イタリアで未認可遺伝子組み換え作物の作付け発覚、新たな混乱発生

 

インタープレス・サービス

(ミラノ・イタリア発)

2003年8月4日

エルネスト・フェリーニ

訳 河田昌東

 

イタリアのピードモント地域での定例調査で、作付けされた400ヘクタールの在来トウモロコシが実は 遺伝子組み換えであったことが先月明らかになった。遺伝子組み換え食品と動物飼料に関する表示とトレーサビリティーに関する新たなEUの規制が始まった直後だけに、ピードモントの事件では種子の汚染に対する責任者への厳しい規制と法的な処置を要求する声があがっている。ピードモントの事件に関わった100又はそれ以上の農家は、自分達が植えたのは在来種だと信じていた、と言っている。事件の真相は調査中である。

 

農家の懇願にも関わらず、これらのGMトウモロコシはエンゾ・ギーゴ、ピードモント州知事の命令で直ちに処分された。バイテク関連機関はこうした強硬な措置に批判的だが、消費者や環境関連の 団体はギーゴ知事の決断を支持している。環境保護団体レガンビエンテの代表フランシスコ・フェランテは、これに代わる処置はない、なぜならGMの栽培は隣接の在来種を汚染させるからだ、といった。グリーンピースはさらに彼らの記者会見で、「州の報告書とこれまでの経験からモンサントのGM品種が汚染の原因だ」と言った。同団体はモンサントが非GM種子と非GM農業の汚染をもたらす作戦を取っている事実を調査するよう要求した。モンサントはGM作物の開発におけるアメリカのパイオニアである。「もしモンサントとその販売エージェントのパイオニア・シーズが正常な非GM種子の汚染を今後も許されるようなら、新たなEUの規制は全くナンセンスになる。消費者にとっても生産者にとっても選択の自由が否定されてしまうのだから」とグリーンピースの広報担当フェデリカ・フェライオは言った。

 

EU議会は先月5年間のGM食品モラトリアムを終わらせる決議をしたが、同時に世界で最も厳しいGM食品の表示とトレーサビリティー規則を採択したばかりである。アメリカとバイテク多国籍企業は最近GM食品に関するEUの長い禁止に対してWTOに提訴した。新たな規制に従えばヨーロッパではGM食品は明確に表示されたものだけが販売可能である。0.9%以上GMが含まれている全ての食品は表示が必要である。この基準には、食品の原料、例えば以前は対照でなかったGMトウモロコシから高度に精製したオイルや動物飼料も含まれる。また、デイーラーには流通経路の全てにわたる厳密な記録の保存が要求される。しかし、この新たな規制にはGM栽培から隣接在来種を保護する規定が盛り込まれていない。EUの各加盟国はGM汚染に対する独自の規制をすることは許されているが、それは義務ではない。ヨーロッパの消費者問題コミッショナ―、デーヴィド・バイルンは新たな法律は消費者にGMか否かを選ばせるものだ、という。しかし、これにはアメリカもGM企業も満足していない。ブッシュ政権は表示義務化はバイテク輸入に対する不公正な貿易障壁だ、と言っている。彼らは大部分の消費者がGM製品と表示のあるものを買わなくなるのではないかと恐れている。その恐れには十分根拠がある。 いくつかの調査によれば、EUの大半の人々は遺伝子組み換え食品に反対しており、「これはGMOです」といった表示のある食品は買わないだろう、という結果が出ているからだ。この消費者トレンドは食品生産者や販売業者らの間ではこれまで気にされてこなかった。

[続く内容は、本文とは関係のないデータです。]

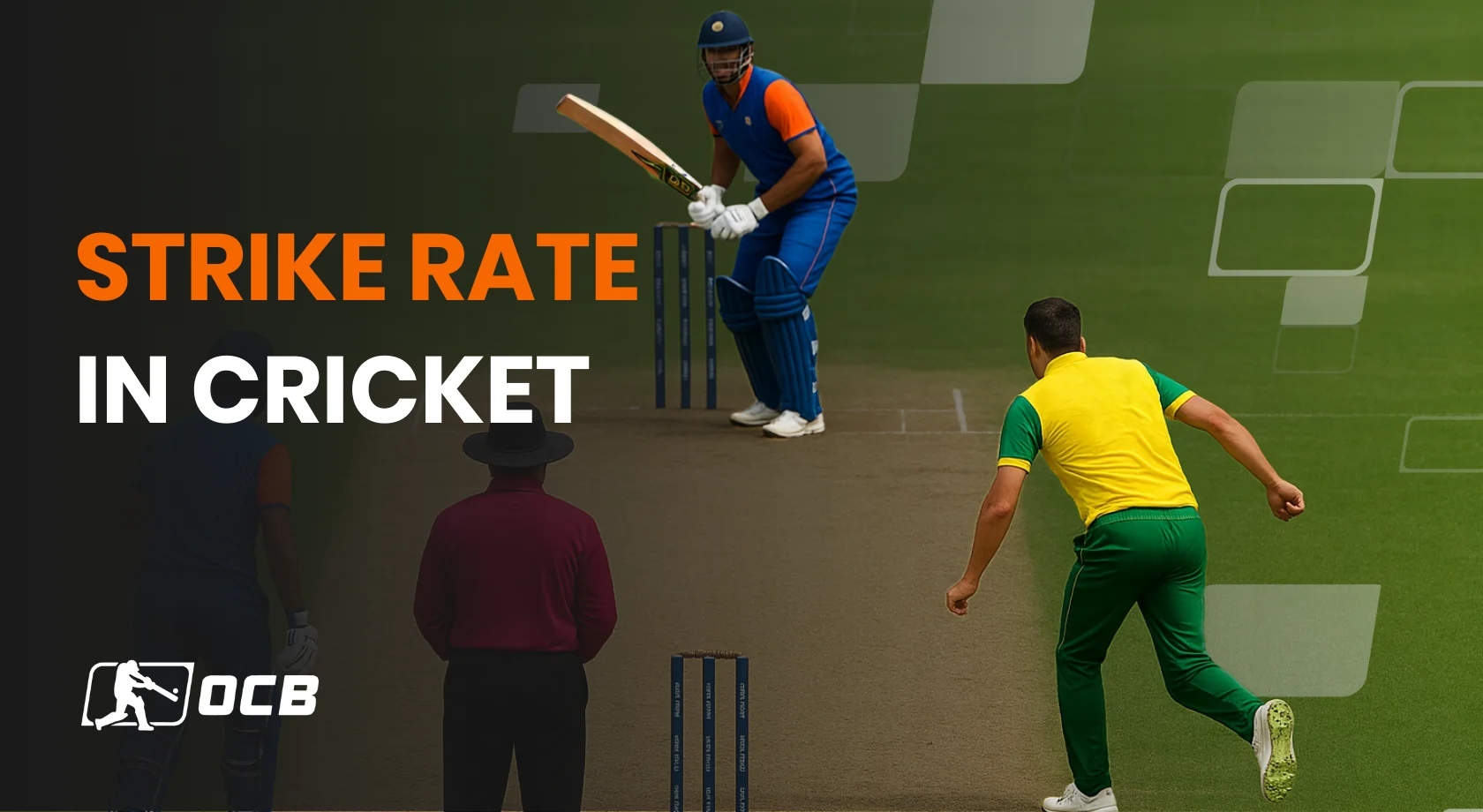 what is strike rate in cricket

イギリスの高級商品街の90%を占めるブリテイッシュ・リテール・コンソシアムは、「スーパーマーケットが売れない商品のための棚は作らないといっているのだから我々はGM食品を取り扱わない」と宣言した。

イタリア食品産業連盟総裁のルイジ・ロッシ・デ・モンテレラは、消費者がそうした商品を買いたくないなら、生産者と流通業者がGM食品を扱いたくない、という意見に同意した。

 

ドイツの食品会社をグリーンピースが調査したところによれば、216企業の内170企業がGM原料を使わない製品を求め、GM食品を排除したくないと答えたのはたった18社だった。しかし、消費者と企業の強い抵抗にも関わらず、環境保護団体はGM食品の取り扱い業者が新しい規制の抜け道をかいくぐるのではないかと心配している。最も大きな懸念は、ピードモント事件のような、GM作物による在来作物の汚染である。「我々はGM作物と多国籍企業がGM混入というトロイの木馬を使って偶然、又は意図的に汚染をもたらすのを黙ってみているわけにはいかない」とフェランテはいった。「伝子汚染を阻止することは今EUにおける最優先の課題だ。もし在来種や有機農作物を遺伝子汚染から保護するために何もなされないなら、次第にノンGM製品の供給が困難になり、数年後には新たな表示制度が何の役にも立たなくなる恐れがある」と言うのは遺伝子操作関係のグリーンピースのEUアドバイザー、エリック・ガルである。